Ces résultats très intéressants appellent plusieurs commentaires.

Les auteurs indiquent avoir identifié les bases structurales de l’intolérance au gluten. Si l’hypothèse d’un rôle clé des peptides immunostimulants est probable, leur effet toxique sur la muqueuse n’a pas encore été démontré et pourrait ne pas être le seul paramètre en cause. Ainsi, le peptide 31-49 commun à la région NT des gliadines est certes toxique, ce qui a été démontré in vitro et in vivo chez l’homme, mais il n’induit pas la prolifération des lymphocytes T [4].

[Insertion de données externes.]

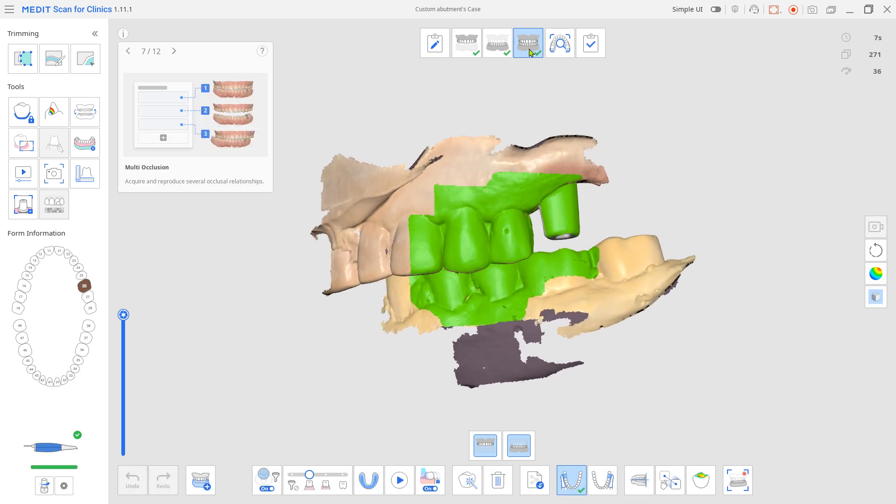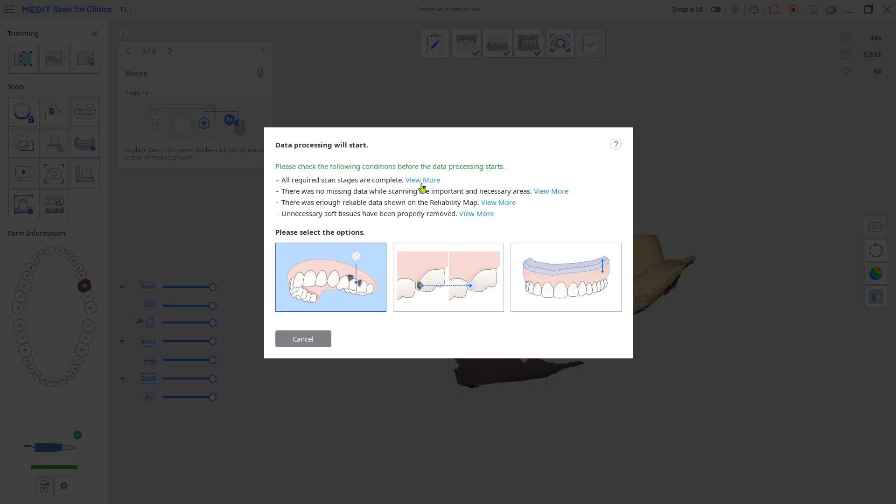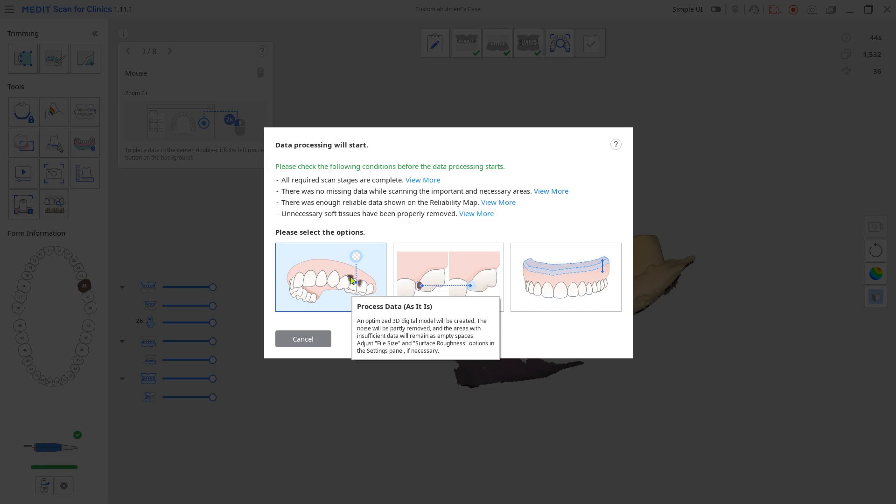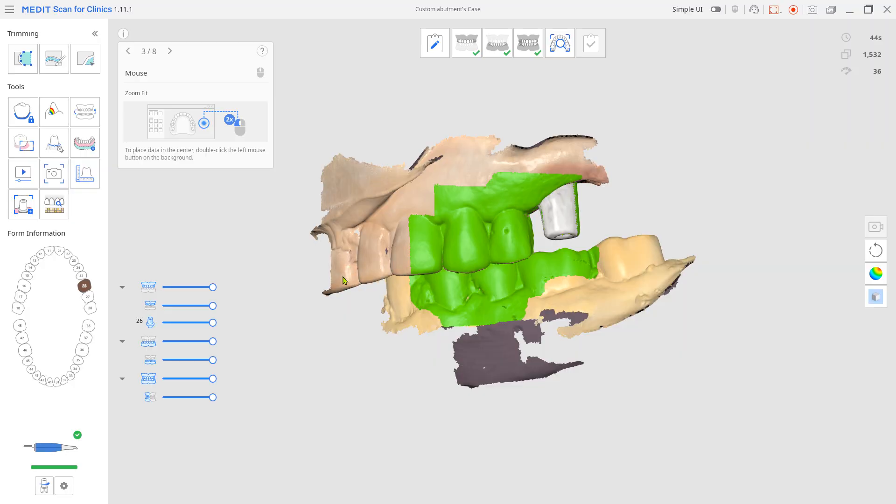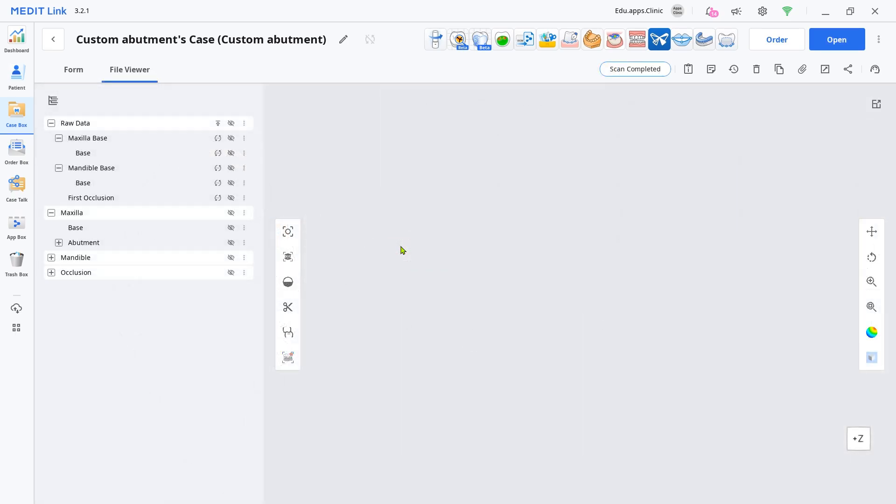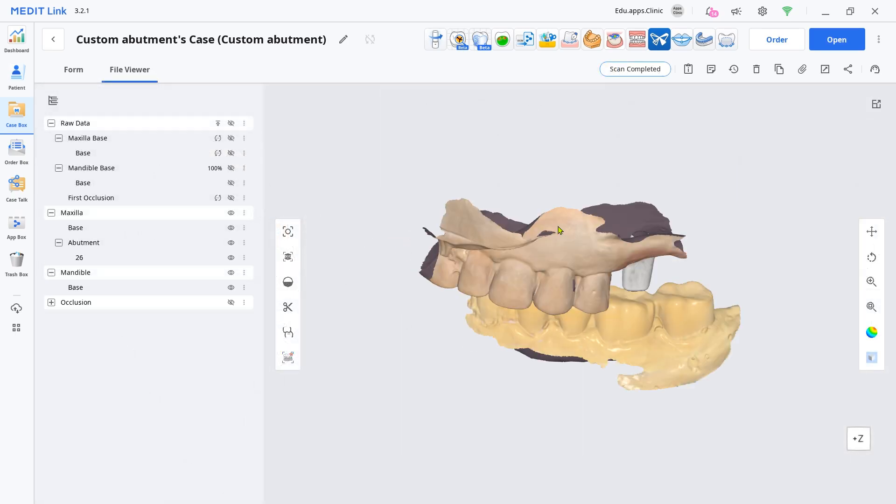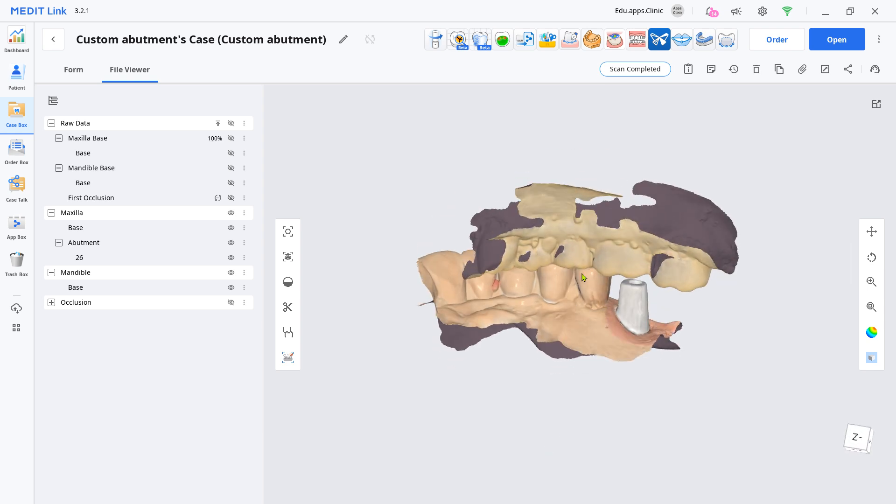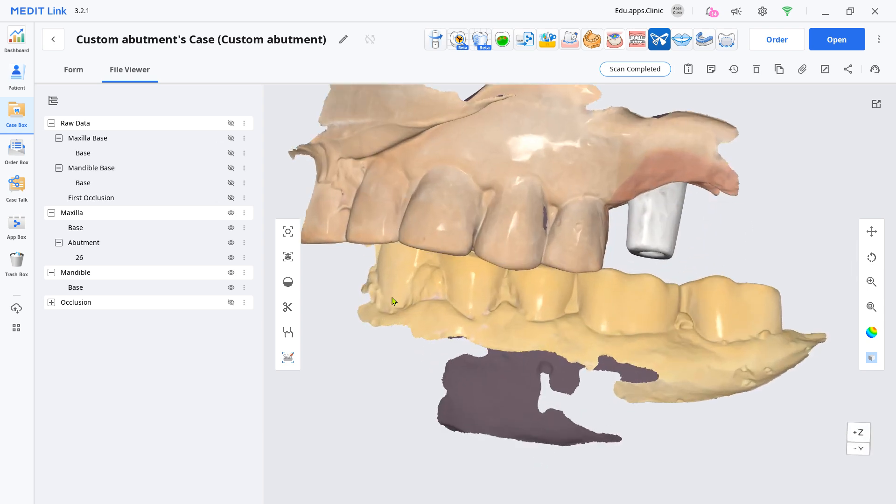Click Complete to save. Choose as is. Go to the File Viewer tab and export it to send to your lab.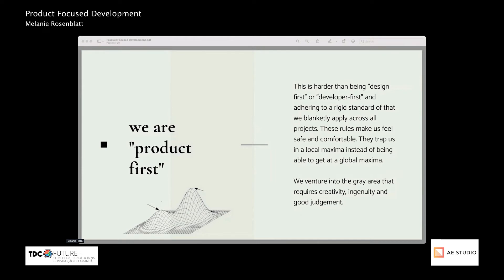Being product first requires you to venture into the gray area — it requires creativity, ingenuity, and good judgment. This is important because it means not just blankly following other best practices, but deciding when they actually make sense to use in a given situation.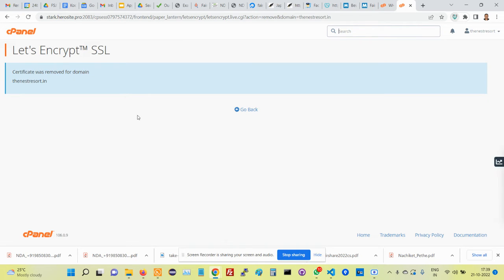This especially happens when there are DNS or A record changes and things like that.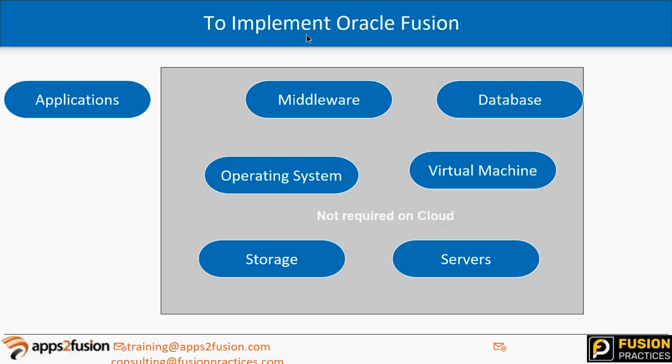It is as simple as accessing a website through a browser. You will not know where the application is hosted — it can be hosted anywhere. Oracle has around seven locations across the globe: in the US, Canada, the Middle East, Australia, and India. Depending on which region the client is in, Oracle hosts the application in that particular region.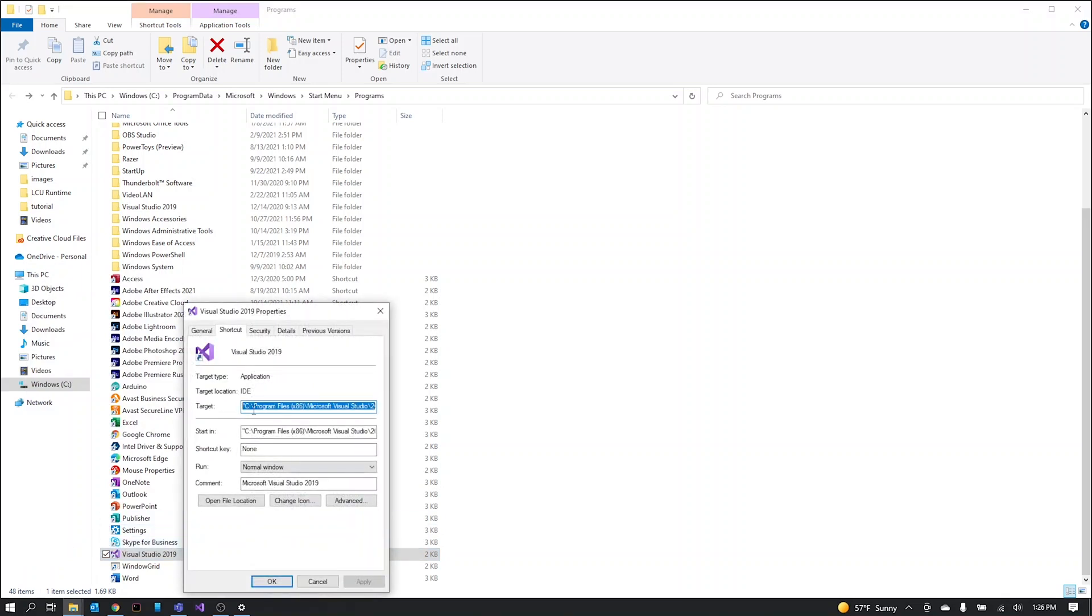We're going to want to copy the file location here. Make sure you don't get the beginning quotes and don't include the .exe at the end.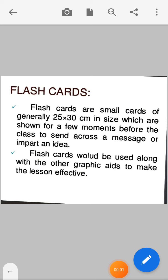Hi everyone, myself Mrs. Riddhi Patel. Today we will see Community Health Nursing Section C, Unit 4. In today's session, we will see about flashcards, photographs and pictures.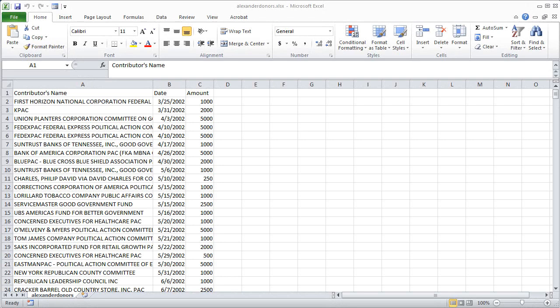A pivot table can also help you quickly obtain subtotals for a data set. Here for example I've brought back the database of contributions to Tennessee Senator Lamar Alexander. You might recall that I used this data set to demonstrate the subtotaling procedure in a previous video. I want to show you here how you can do subtotaling and even more with the pivot table tool in Microsoft Excel.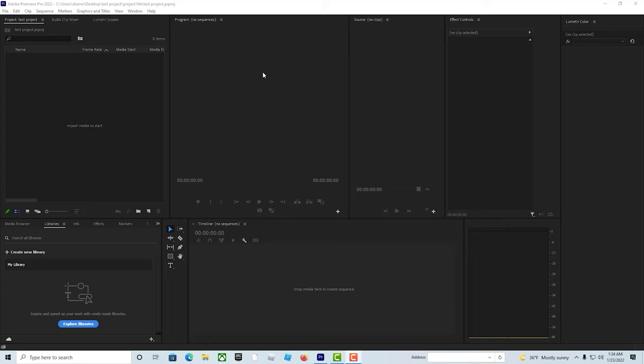All right, you want to learn how to import media into Premiere Pro? Well, time is money, and I won't waste your time, so let's go.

La stratégie thérapeutique proposée par Shan et al. - l’administration orale de PEP bactérienne - repose avant tout sur l’analyse de l’hydrolyse des peptides de la gliadine par les enzymes présentes dans lumière intestinale et la bordure en brosse. Ces auteurs ne prennent pas en compte leur digestion possible par la cellule épithéliale [5]. Dans les expériences de perfusion chez le rat, il existe une hydrolyse partielle du peptide 33-mer dès 20 minutes, comme en témoigne la présence de deux pics additionnels, ce qui suggère l’intervention in vivo d’autres facteurs. Cette hypothèse est confortée par l’étude de la digestion de peptides de la gliadine par des fragments tissulaires obtenus lors de biopsies intestinales et montés en chambre de Ussing[**]. Ainsi, le peptide immunodominant de l’α2-gliadine (57-68), très peu hydrolysé par les enzymes de la bordure en brosse des malades atteints de maladie coeliaque, l’est à plus de 95 % pendant son transport transépithélial chez ces malades, peut-être sous l’action d’enzymes lysosomiales. Néanmoins, il faut souligner la synthèse par les entérocytes d’une PEP dont le rôle mérite d’être vérifié en dépit de sa localisation principalement cytosolique [6, 7]. L’intérêt de la thérapie orale par une PEP exogène ne prendra tout son sens qu’en l’absence de digestion du peptide 33-mer et d’autres peptides potentiellement toxiques (peptide 31-49) lors de leur passage transépithelial, et après avoir élucidé le rôle éventuel de la PEP entérocytaire chez les patients et les sujets normaux. Ces vérifications paraissent nécessaires pour affirmer l’importance des résultats de Shan et al. dans la physiopathogénie de la maladie coeliaque et envisager leur application thérapeutique.